Le nuove frontiere del turismo: un sardo tra gli esperti della ‘Destination management organization’

Si chiama Dmo (Destination Management Organization) e rappresenta la nuova frontiera nel campo della destinazione turistica. Un’entità professionale i cui lineamenti sono stati tracciati nel libro “Il nuovo ruolo delle Dmo”, presentato nei giorni scorsi all’Accademia Creativa Turismo di Roma a cura di Simtur (Società Italiana professionisti mobilità e turismo sostenibile). Il volume, pubblicato da Movability Books a cura di Federico Massimo Ceschin, annovera tra gli autori alcuni tra i massimi professionisti di settore a livello nazionale.

Tra questi c‘è anche un sardo, l’ozierese Giovanni Antonio Sanna, vicepresidente del Gal Logudoro Goceano, esperto di turismo rurale e operatore di turismo esperienziale certificato da Assotes, l’Associazione professionale degli operatori per il turismo esperienziale.

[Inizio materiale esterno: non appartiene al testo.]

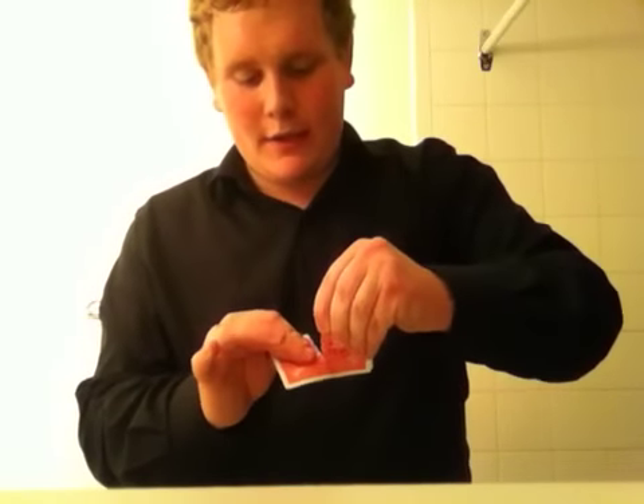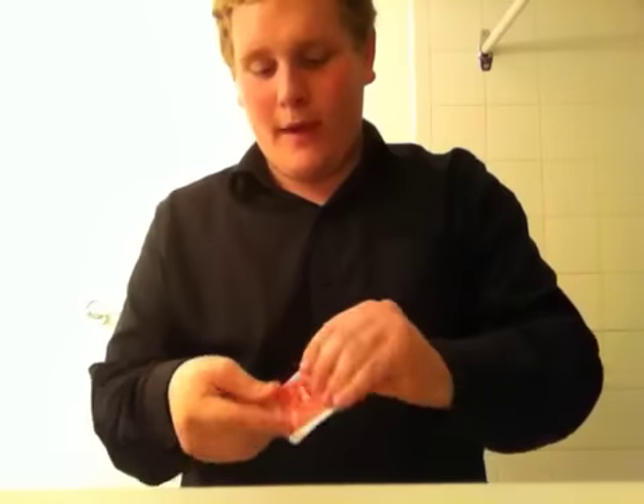We'll take the Seven, fold it in half, and then use the crease to tear that card neatly, leaving us with two torn pieces of Seven of Clubs — two mangled torn pieces of Seven of Clubs. But not all hope is lost. Hold out your hand — we're going to use the crease, rub it on your finger, add a little heat.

Nel corso della presentazione del libro, Giovanni Antonio Sanna ha illustrato uno dei temi presenti nel volume, quello del turismo rurale come opportunità di crescita delle aree interne che, con il loro patrimonio, possono davvero rappresentare il terzo pilastro dell’offerta turistica italiana, complementare ai consolidati segmenti del balneare e delle città d’arte.

E questo grazie anche alla nascita della figura professionale del manager di destinazione – ora prevista ufficialmente dalla normativa pubblicata in Gazzetta Ufficiale lo scorso 15 gennaio – e a quella del coordinatore turistico territoriale, destinata a diventare il vero e proprio anello di congiunzione” tra gli attori territoriali.

La Dmo è l’entità responsabile dello sviluppo, della gestione e promozione di una località turistica specifica, di cui si propone di migliorare l’attrattività e la competitività della destinazione svolgendo diverse funzioni vitali. Tra queste, è fondamentale la collaborazione con gli operatori turistici locali per creare nuove esperienze, attrazioni e servizi che soddisfino le esigenze dei visitatori.

“Il vecchio sistema, che era quello della promozione di una destinazione attraverso depliant pubblicitari ecc., non funziona più – ha affermato Sanna – perché si è passati a una configurazione di turismo legata alla motivazione. La forma giuridica mista tra pubblico e privato serve per valorizzare tutte le potenzialità di un territorio, con un meccanismo che fuori dall’Italia è ben collaudato da tempo. Un altro aspetto importante della Dmo è quello di ritornare al rapporto “human to human” nel contesto del marketing relazionale, facendo leva sull’empatia, la conversazione e la fiducia, che diventano fidelizzazione del cliente. Sono finiti i tempi in cui si spolpava il turista, e occorre guardare a prospettive sul lungo termine”.

Il libro non solo evidenzia le caratteristiche del “destination manager”, ma sarà il riferimento testuale di un master formativo sulla nuova figura professionale, di cui Simtur è ente certificatore. Tra gli altri relatori figurano i nomi di Virgilio Gay, Letizia Sinisi, Maurizio Di Marco, Andrea Succi e Daniela Cavallo.